_WHAT THE EXERCISE ASKS:_ Set down all of the data that follows, keeping every character.

_LISTED RECORDS:_
########
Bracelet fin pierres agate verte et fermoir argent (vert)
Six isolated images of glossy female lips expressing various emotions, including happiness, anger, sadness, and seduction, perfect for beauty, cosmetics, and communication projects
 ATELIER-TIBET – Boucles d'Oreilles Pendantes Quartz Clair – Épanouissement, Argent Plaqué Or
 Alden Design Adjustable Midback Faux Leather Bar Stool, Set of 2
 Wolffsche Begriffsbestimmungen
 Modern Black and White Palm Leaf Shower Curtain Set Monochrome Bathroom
########
_EXERCISE RESULT:_
Bracelet fin pierres agate verte et fermoir argent (vert)
Six isolated images of glossy female lips expressing various emotions, including happiness, anger, sadness, and seduction, perfect for beauty, cosmetics, and communication projects
 ATELIER-TIBET – Boucles d'Oreilles Pendantes Quartz Clair – Épanouissement, Argent Plaqué Or
 Alden Design Adjustable Midback Faux Leather Bar Stool, Set of 2
 Wolffsche Begriffsbestimmungen
 Modern Black and White Palm Leaf Shower Curtain Set Monochrome Bathroom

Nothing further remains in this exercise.